## [About this task]
Output exactly the lines from the line that has "Wave Metal Print" through the last line of the data below, with no pictures.

Captioned web images

-=-=-

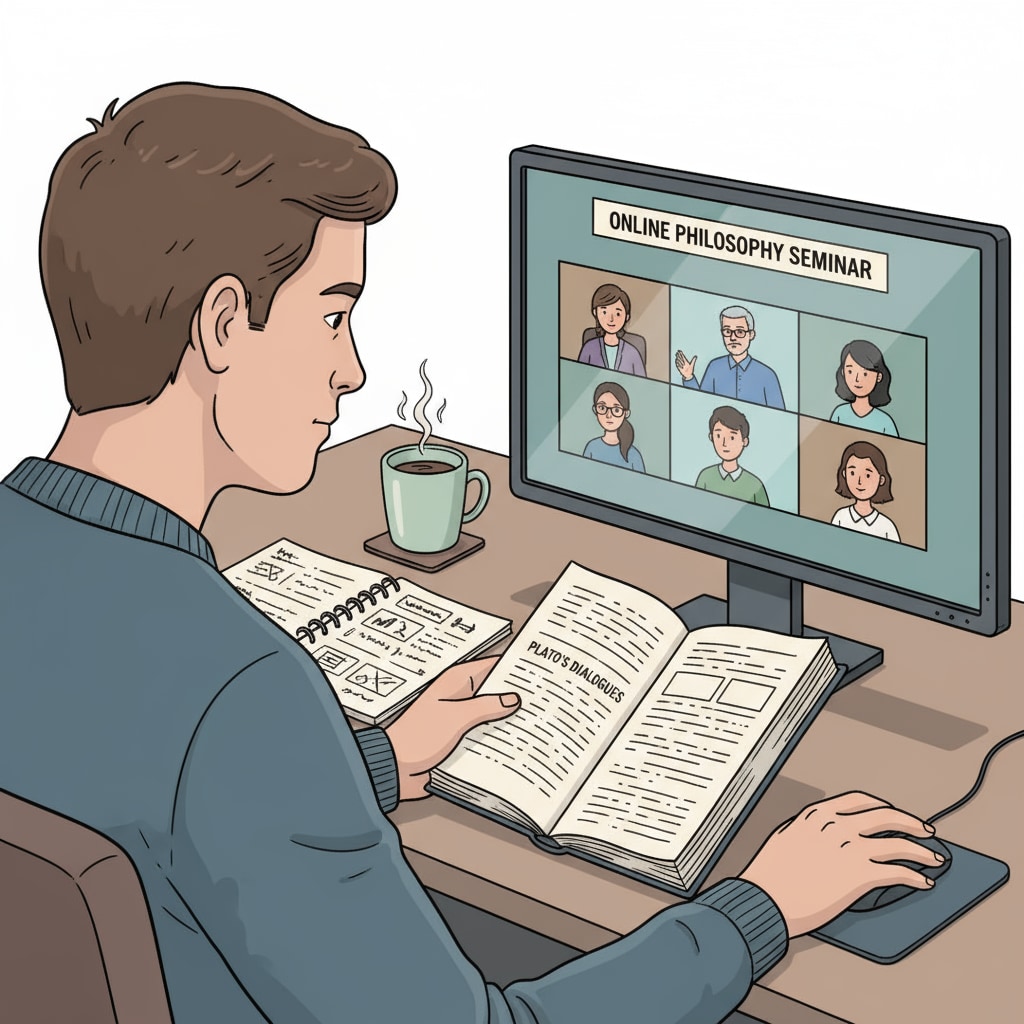 A student reading a philosophy book during an online K12 class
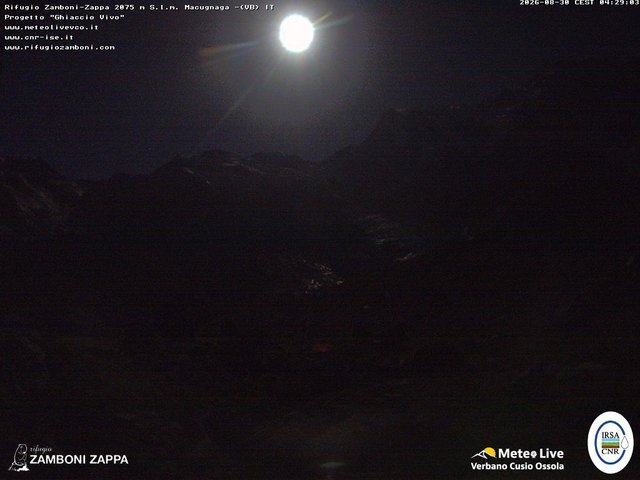 time-lapse frame, Rifugio Zamboni webcam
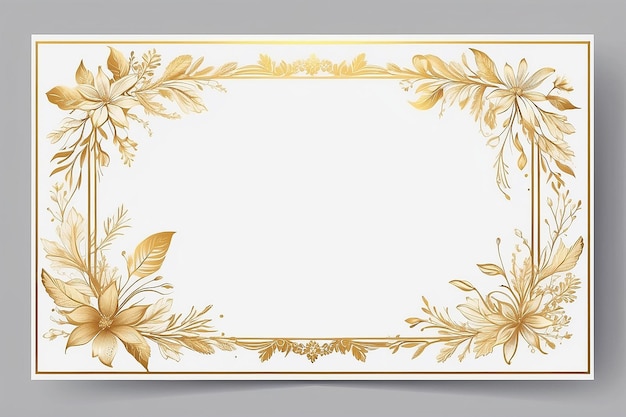 Modelo de cartão de moldura floral Gradiente dourado em fundo branco Ilustração de design vetorial para cartão de casamento Bunner Decoração de cantos retangulares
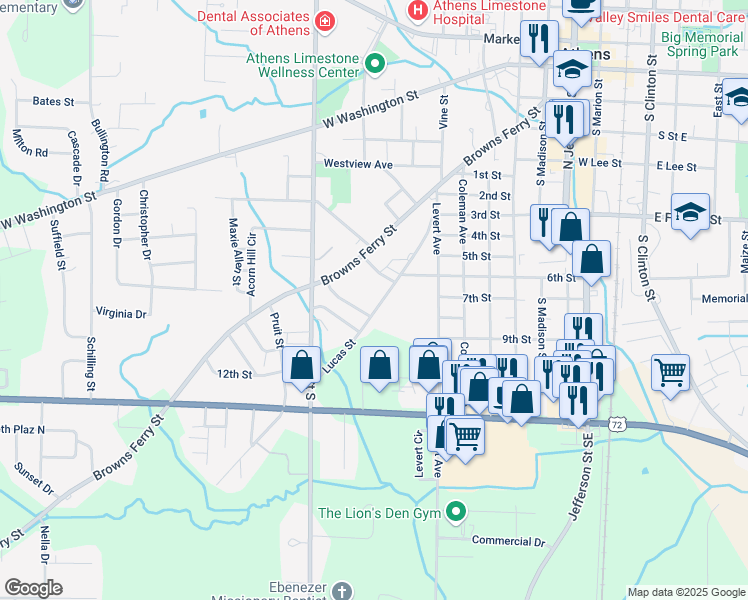 map of restaurants, bars, coffee shops, grocery stores, and more near 912 Lucas Street in Athens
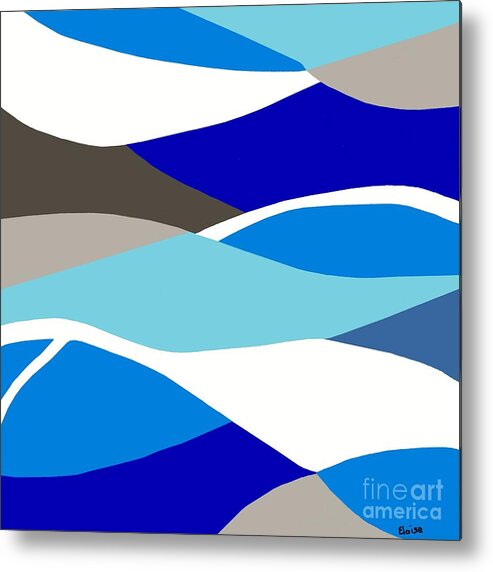 Wave Metal Print featuring the painting Waves by Eloise Schneider Mote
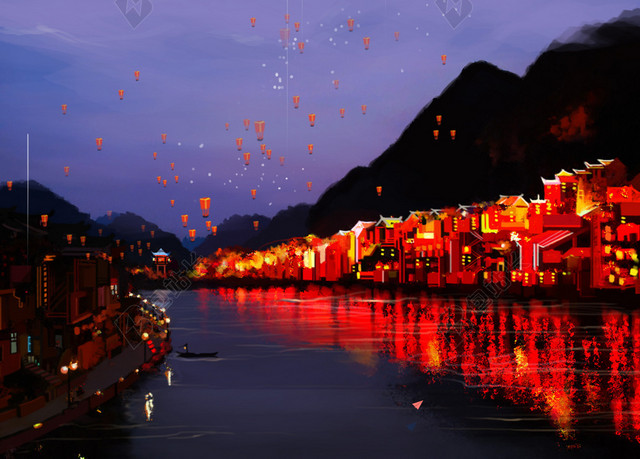 手绘镇远古镇旅游景点夜景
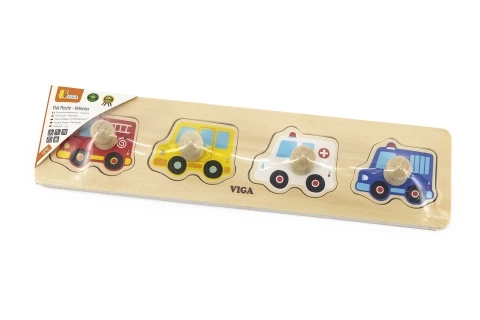 Houten inlegpuzzel reddingsvoertuigen met knopjes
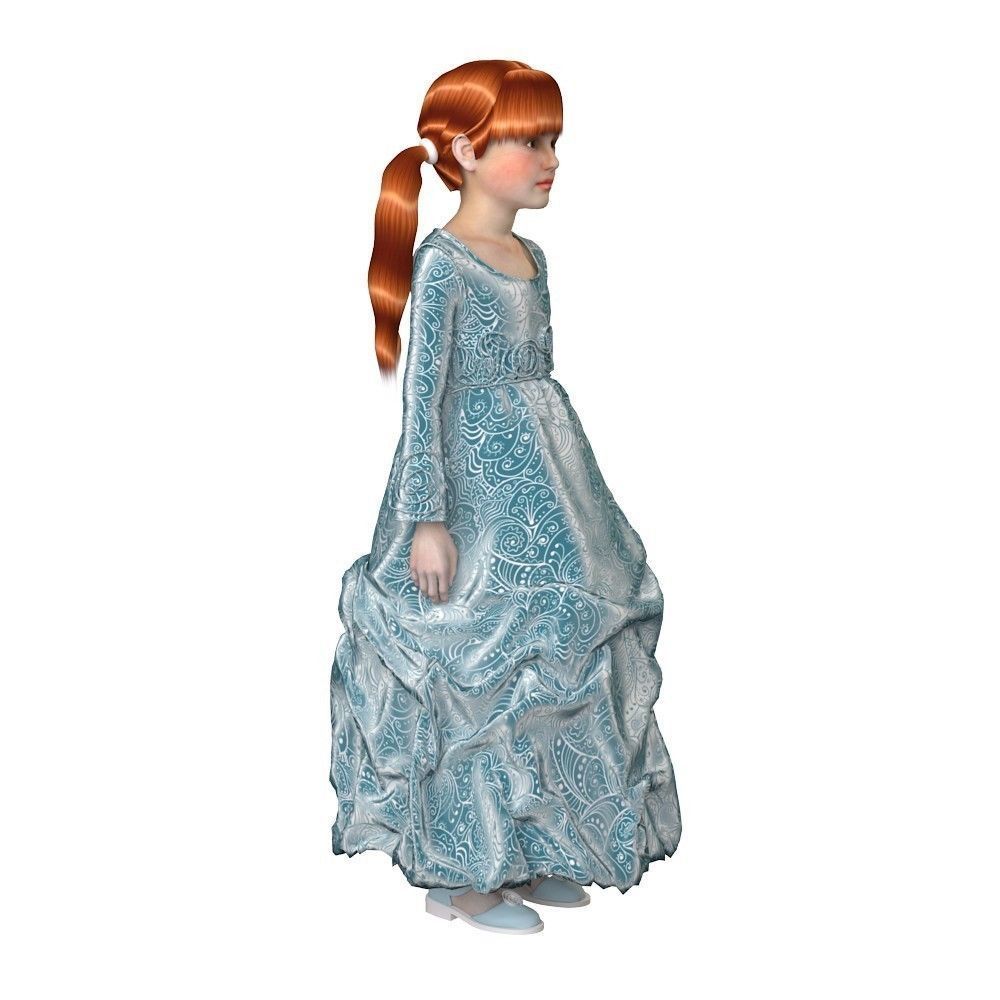 Girl dress t shirt skirt Baby clothes 3D model_22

-=-=-

## [Answer space]
 Wave Metal Print featuring the painting Waves by Eloise Schneider Mote
 手绘镇远古镇旅游景点夜景
 Houten inlegpuzzel reddingsvoertuigen met knopjes
 Girl dress t shirt skirt Baby clothes 3D model_22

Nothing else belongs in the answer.